Auch wenn für die Konzernrechnungslegung internationale Rechnungslegungsnormen immer mehr an Bedeutung gewinnen, wird die hier dargestellte Rechnungslegung nach HGB für den Einzelabschluss auf absehbare Zeit relevant bleiben. Sie bleibt damit – nach Auffassung der Autorin – die Grundlage der Ausbildung im Rechnungswesen an den Hochschulen und in der Praxis.

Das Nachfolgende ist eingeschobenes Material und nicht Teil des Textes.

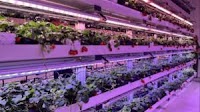 Agri-genomics startup Singrow opens indoor R&D farm, plots expansion to Malaysia, Thailand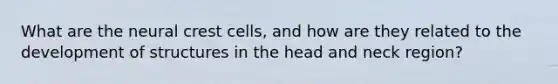 What are the neural crest cells, and how are they related to the development of structures in the head and neck region?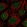 Anti-RGCC Antibody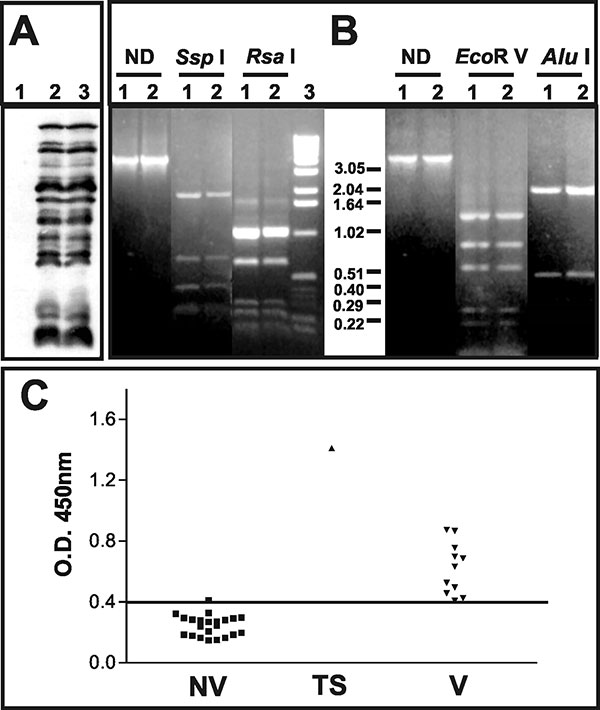 Characterization of the pustular fluid and serologic responses to vaccinia virus antigens. A) Western blot analysis of BSC-40 cells mock-infected (1); infected with vaccinia virus WR (2); or infected with 20 μL of the pustular fluid (3). Molecular weights are expressed in kDa. B) Polymerase chain reaction–restriction fragment length polymorphism analysis of vaccinia virus genome regions. Amplicons corresponding to the A24R gene or the segment between the B9R and B14R genes were digested or not (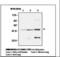 Ferredoxin Reductase antibody, LS-B5921, Lifespan Biosciences, Western Blot image 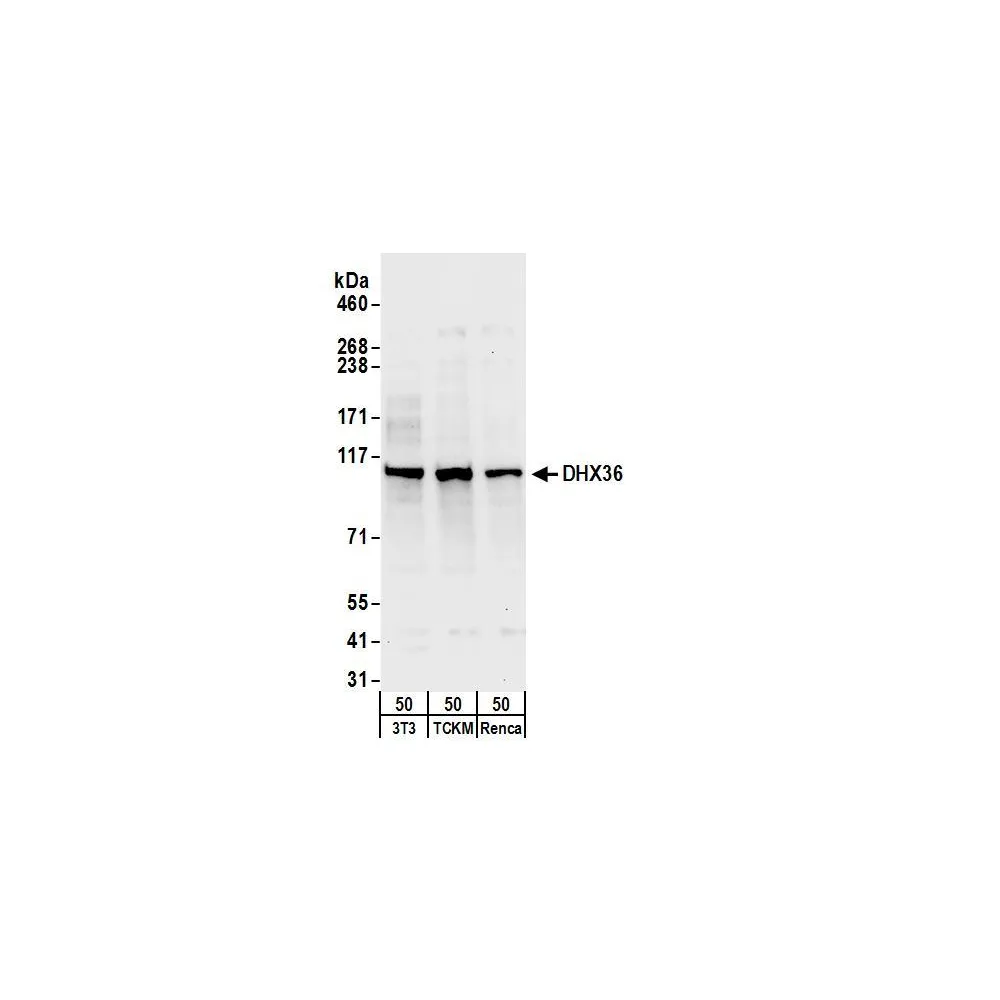 Rabbit anti-DHX36 Antibody, Affinity Purified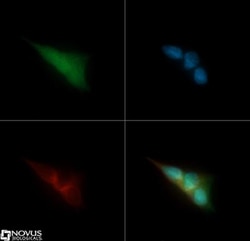 AlphaB Crystallin/CRYAB Antibody, Novus Biologicals 0.025 mL | Buy Online | Novus Biologicals | Fisher Scientific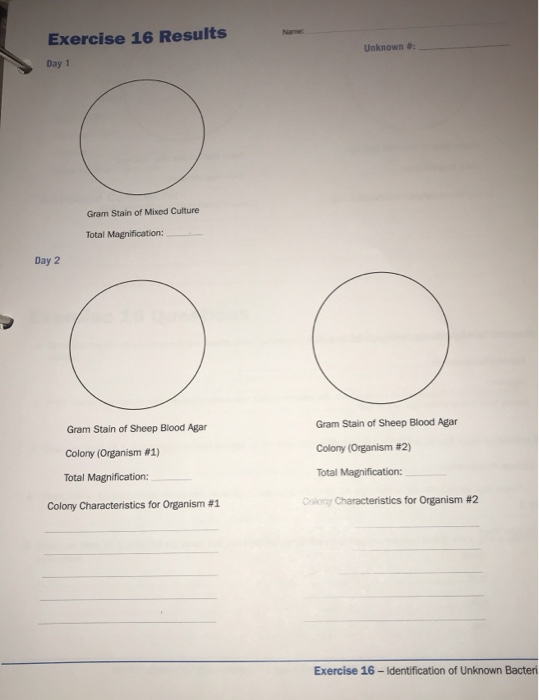 EXERCISE 16 Identification of Unknown Bacteria | Chegg.com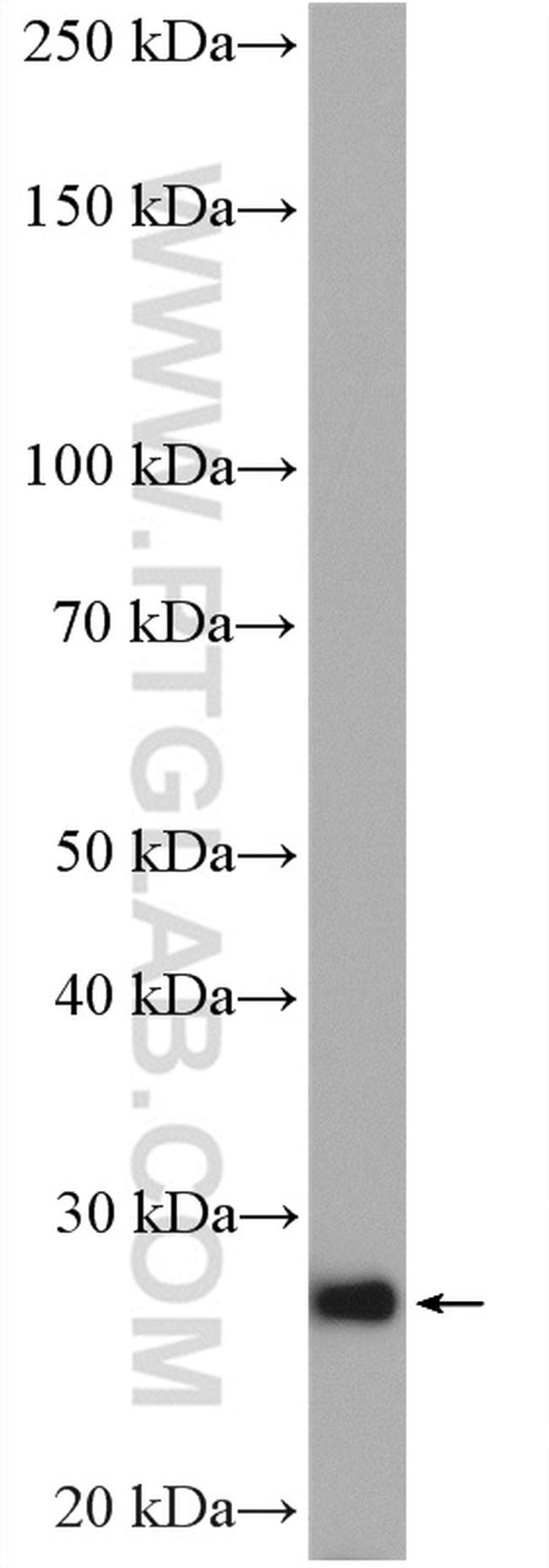 RAB33B Antibody in Western Blot (WB)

Frau Simone Schroeter und Herr Dominic Siegert leisteten wertvolle Unterstützung bei der DV-technischen Umsetzung der Abbildungen. Herr Siegert hat darüber hinaus das Manuskript auf Mängel aus der Sicht eines Studierenden überprüft. Beiden danke ich für ihre Hilfe. Herr WP/StB/CPA Christoph Sieglen hat das Manuskript trotz starker beruflicher Belastung durchgesehen und mir wertvolle Hinweise gegeben. Auch ihm gilt mein herzlicher Dank. Mein schärfster Kritiker war wieder einmal Herr Dr. Michael Währisch, dem ich für seine engagierte Durchsicht des Manuskripts, seine stete Diskussionsbereitschaft und zahlreiche konstruktive Vorschläge sehr danke.